Enable HW Watchdog for Apalis TK1 at Boot

Florian_K · May 3, 2017, 6:07am

How can I enable the HW watchdog for the Apalis TK1 for SoM version V1.1A?

Some precondition: I can not use systemd

To use the hw watchdog I would assume something to be done like follows (with regards to instructions for the colibri v61):

enable the hw watchdog in u-boot by executing in the u-boot prompt something like mw.w 0x4003e000 xx34 1) (detects: crash of kernel during boot)
add the driver of the watchdog to the device-tree
configure the Linux driver that it does not reset the watchdog settings to “watchdog disabled” at begin of startup
configure the kernel to softlookup panic with one of (a) a sysctl, (b) “kernel.softlockup_panic”, (c) a kernel parameter, (d) “softlockup_panic” (see “Documentation/admin-guide/kernel-parameters.rst” for details), and (e) a compile option, “BOOTPARAM_SOFTLOCKUP_PANIC” (detects: softlockup = bug that causes the kernel to loop in kernel mode for more than 20 seconds without giving other tasks a chance to run → timer/interrrupt can still service watchdog)
configure the kernel to hardlockup panic with one of (a) a sysctl, (b) ‘hardlockup_panic’, (c) a compile time knob, (d) “BOOTPARAM_HARDLOCKUP_PANIC”, (e) and a kernel parameter “nmi_watchdog” (see “Documentation/admin-guide/kernel-parameters.rst” for details). (detects: ‘hardlockup’ = bug that causes the CPU to loop in kernel mode for more than 10 seconds without letting other interrupts have a chance to run. → timer/interrupt can not service watchdog)
boot kernel with boot option something like tegra_wdt.heartbeat=$seconds that the kernel services the watchdog with a kernel level timer
service watchdog during init with init process
user space application which services watchdog from user space regularly (detects: crash of kernel, crash of this user space application, user space application process not executed regularly)
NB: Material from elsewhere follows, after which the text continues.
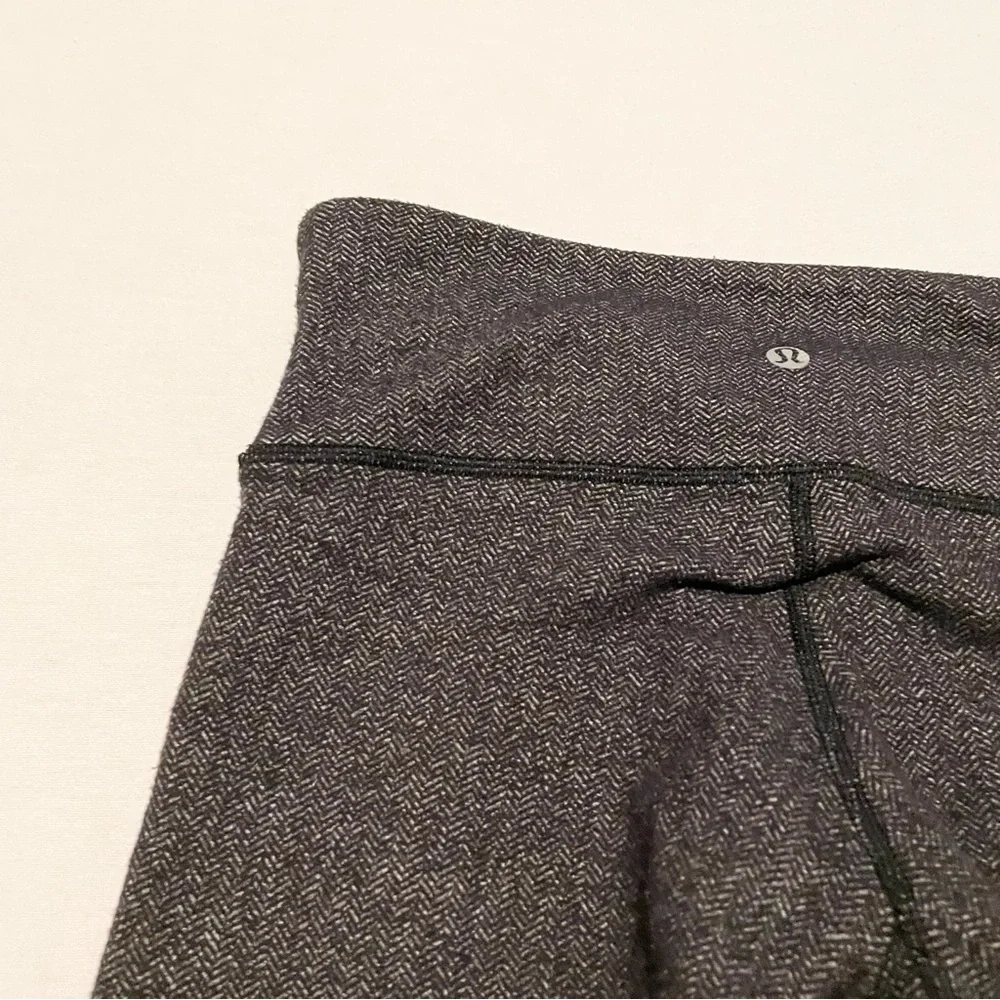 Lululemon Women's Size 4 Wunder Under Pant Legging Herringbone Heathered Black - Picture 12 of 16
BTW: Is the Watchdog (Linux) article also valid for the TK1?

dominik.tx · May 3, 2017, 10:50am

Watchdog is enabled by default during kernel boot.
Yes, most of tegra section in the watchdog article applies to TK1.

Florian_K · May 3, 2017, 11:08am

For the TK1 do I have to make sure that the watchdog is not disabled during startup like with the colibri v61?

dominik.tx · May 3, 2017, 12:07pm

By default we build our TK1 kernels with option CONFIG_TEGRA_WATCHDOG_ENABLE_ON_PROBE enabled, which leaved watchdog re-enabled after probe is done with it’s configuration. if you’re using custom kernel just make sure that this config option is enabled.

Florian_K · May 3, 2017, 1:52pm

Ok

(Note: the option CONFIG_TEGRA_WATCHDOG_ENABLE_ON_PROBE was renamed to TEGRA_WATCHDOG_ENABLE_HEARTBEAT)

Then the following should be a TK1 valid way to implement a watchdog for kernel panic (but is it softlockup or hardlockup?):

"When using the kernel level heartbeat, the Kernel will not necessarily reboot when a kernel panic occurs since interrupts might still be handled. In order to reboot on kernel panic, use the command line option panic= or the sysctrl.conf option "kernel.panic = “.”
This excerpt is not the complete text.